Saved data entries

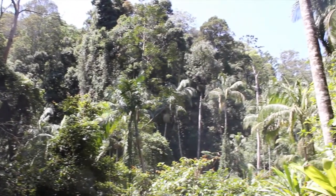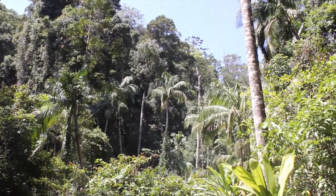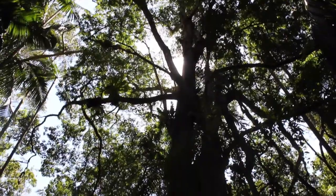The skywalk is in the heart of Tambourine Mountain, which is the eastern perimeter of the scenic rim. As you can see, it's beautiful rainforest.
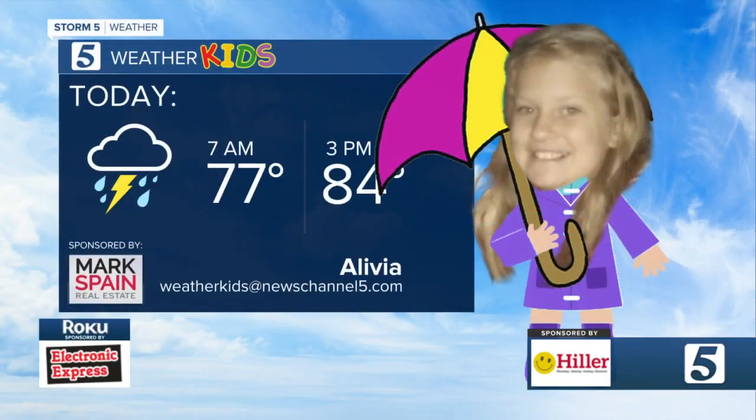Here is our weather child of the day. She is ready to go with that bright smile — this is Olivia. 84 for the afternoon. It's going to be a dense 84, Rebecca, but tomorrow's 84 — oh, will be so nice.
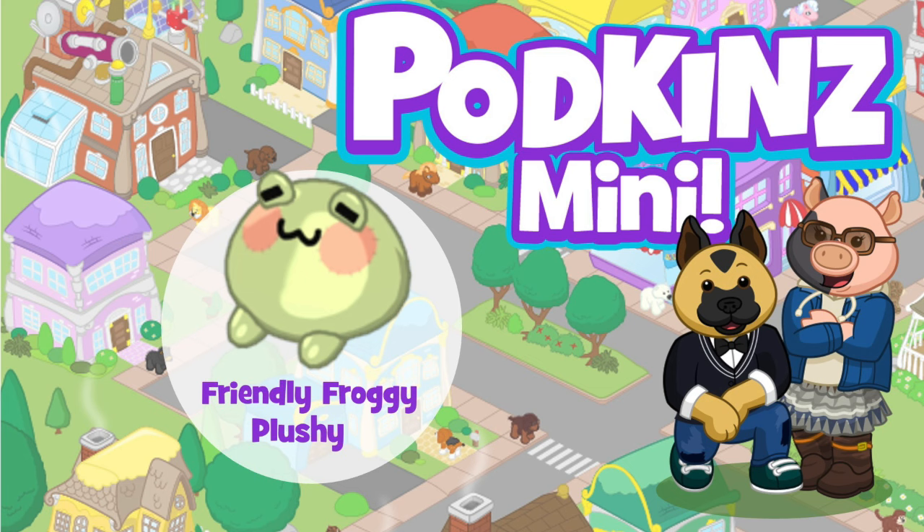It's time for another podcast and this one is all about spring on Webkinz Classic. We have our chocolate egg event, and you're going to want to stay tuned throughout the whole episode because we're going to give away a code for that Friendly Froggy plushy that you can see right there at the end of the episode.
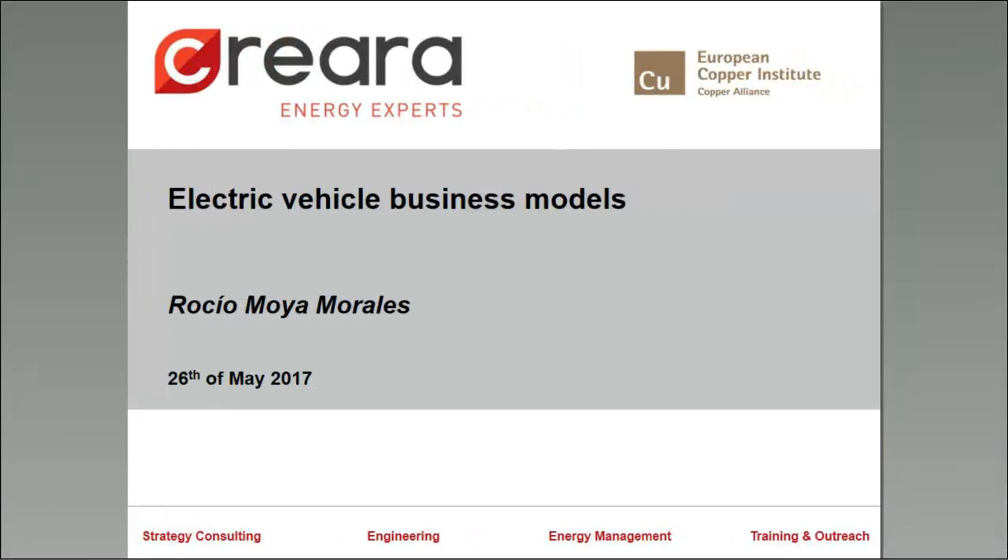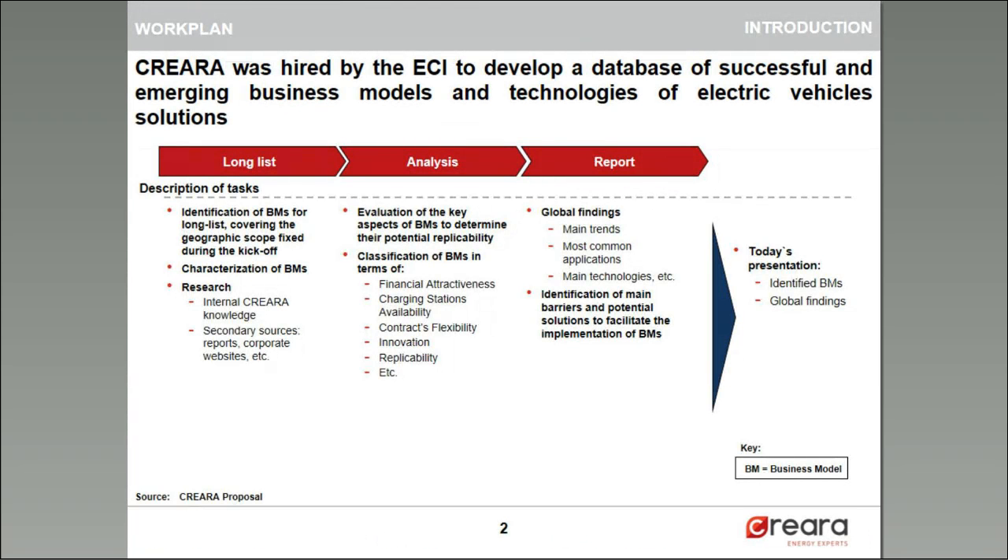Thank you, Fernando. Good morning, everyone. My name is Rocio Moya and I'm a consultant from Carada Energy Experts. Last week we talked about the small heating business models and this week we are going to talk, as Fernando just said, the main findings of the analysis of electric vehicle business models.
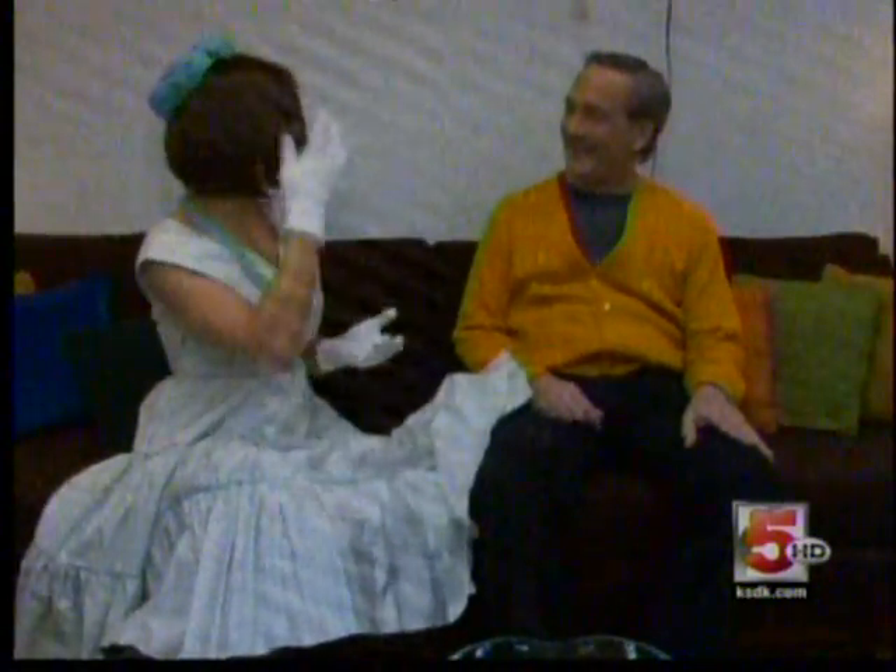Right now, we're looking at my alter ego. Let's call her Beverly. I feel so dainty. I wish women still dressed like this. Some women still do.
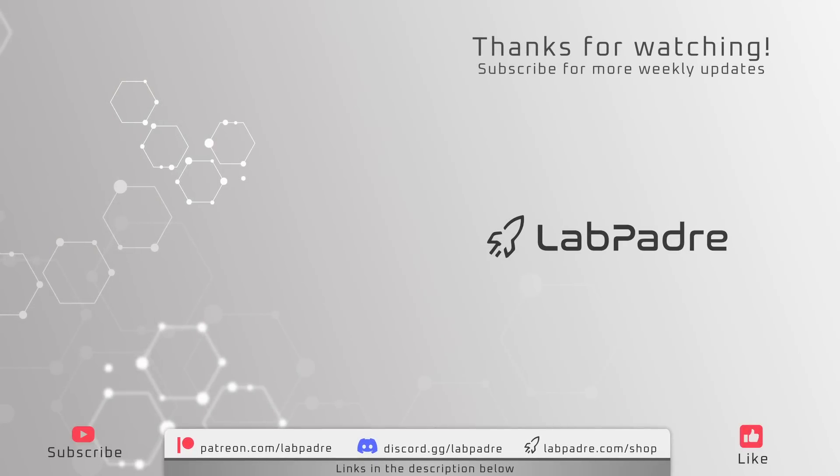And there you have it — another SpaceX and Starbase weekly update with a splash of Blue Origin and Relativity Space, brought to you by LabPadre. We'll see you next week and thanks for watching. LabPadre out!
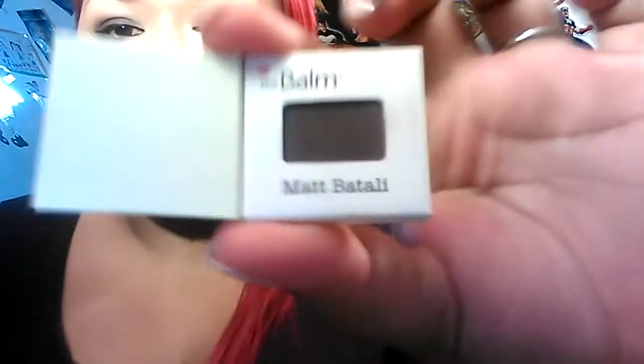Then of course it has the Meet Matte eyeshadow from The Balm and it's gorgeous. This is actually what I have on my lids right now — it's super pretty. I wouldn't usually wear a color like this, you can see it's dark, but I use it lightly. It's like this dark purpley color and it looks beautiful.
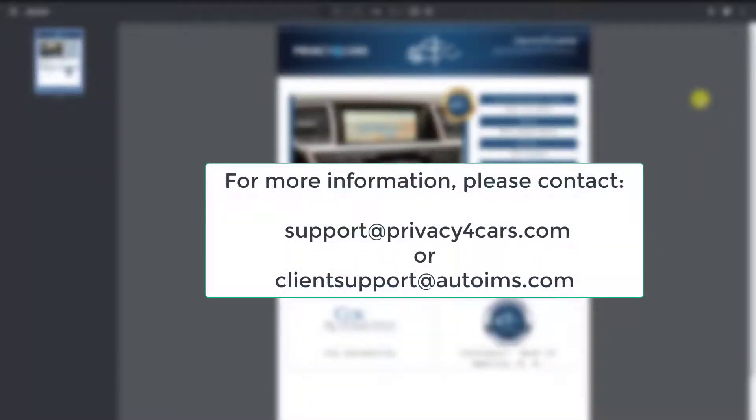To get started, contact your auctions and request access to AutoIMS Privacy for Cars integration for all your consigned vehicles. This will give you the peace of mind that you are using the most reliable process to delete personal information from vehicles that you can show centralized, standardized, and measurable compliance records on AutoIMS.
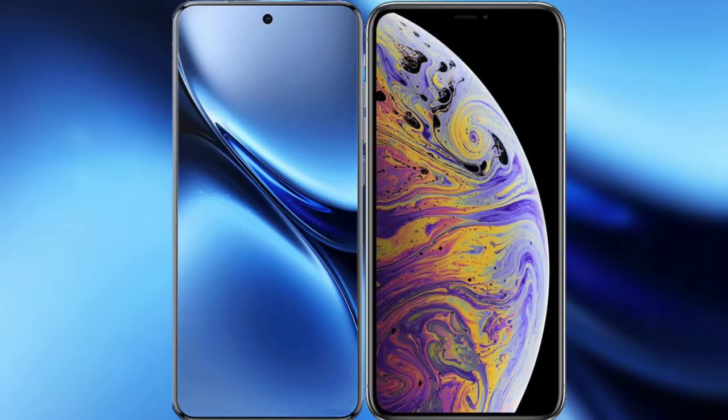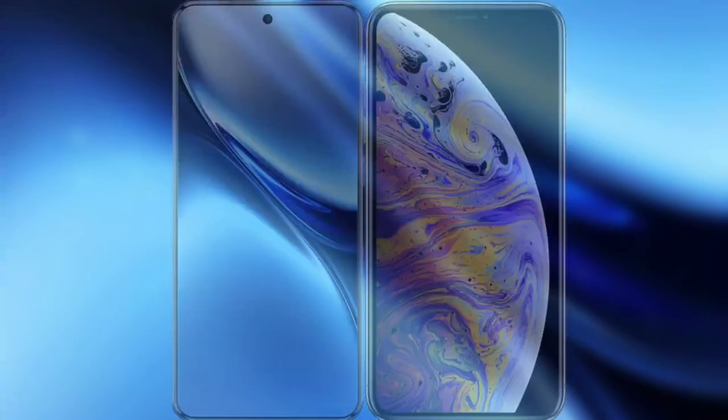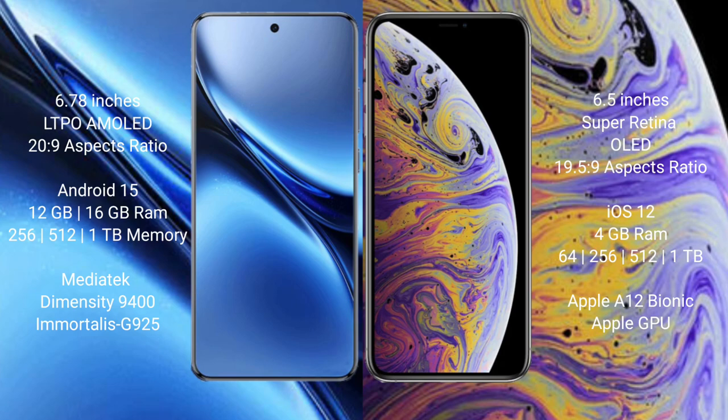I will compare the new Vivo X200 Pro with the iPhone XS Max. Vivo X200 Pro has a 6.78-inch LTPO AMOLED display with a 120Hz refresh rate. iPhone XS Max has a 6.5-inch Super Retina XDR OLED display with a 60Hz refresh rate.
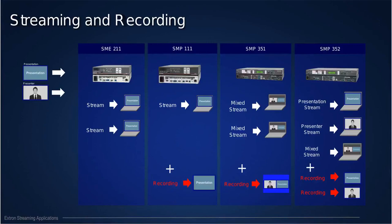I'm going to focus mostly on the SMP series — devices that can stream and record simultaneously. We have the SMP 111, which can stream and record at the same time from a single HDMI input. We have the SMP 351, which can stream and record two signals combined into a single canvas, with simultaneous streaming to two different destinations using different protocols. We also have the SMP 352, which records and streams two separate HDMI inputs into two separate files and two separate streams.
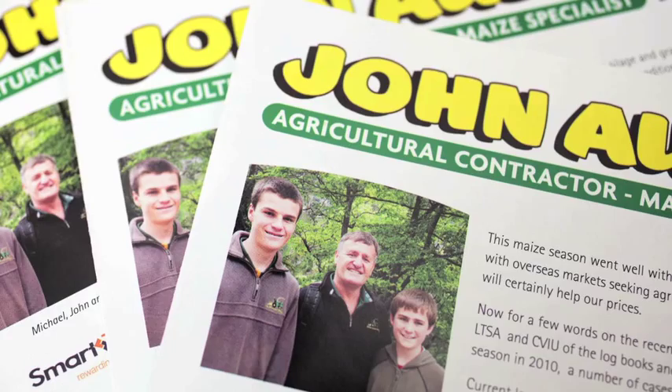My name is John Austin and we run John Austin Limited, an agricultural contracting company. We work in the Waikato region in the North Island.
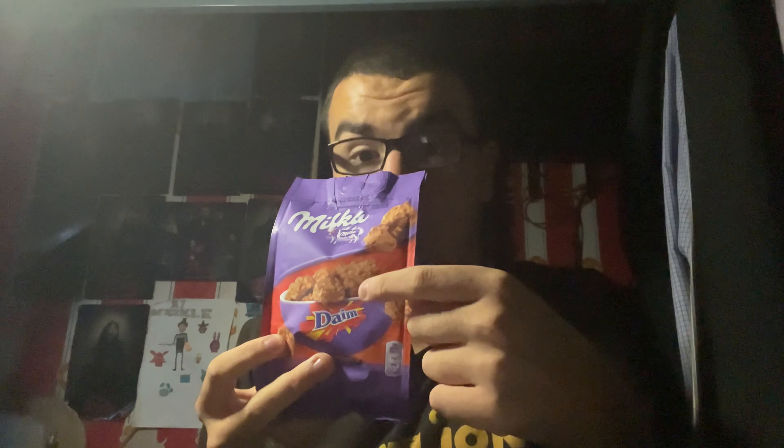Hey everyone, Leukemus Prime here. It's time for another food review today. I'm going to try some chocolate — specifically a snack which is a combination of two chocolate brands I've eaten, which would have to be a combination of Milka and Dime. So this looks pretty interesting. It's like those cluster-type chocolate snacks, a combination of Milka chocolate and Dime. I do like both these chocolate brands, so let's see what they're like as a mixture.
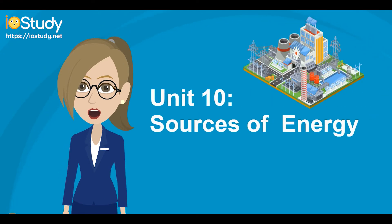Hi guys, today we are going to explore an interesting topic — sources of energy. Now let's start with Unit 10.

** INSTRUCTIONS FOR THE TASK **
Transcribe the lines that run from the line bearing "My name is John" through the last line of the data. Keep the wording exact and leave out every picture.

** SOLUTION TO THE PROBLEM **
My name is John Austin and we run John Austin Limited, an agricultural contracting company. We work in the Waikato region in the North Island.
Hey everyone, Leukemus Prime here. It's time for another food review today. I'm going to try some chocolate — specifically a snack which is a combination of two chocolate brands I've eaten, which would have to be a combination of Milka and Dime. So this looks pretty interesting. It's like those cluster-type chocolate snacks, a combination of Milka chocolate and Dime. I do like both these chocolate brands, so let's see what they're like as a mixture.
Hi guys, today we are going to explore an interesting topic — sources of energy. Now let's start with Unit 10.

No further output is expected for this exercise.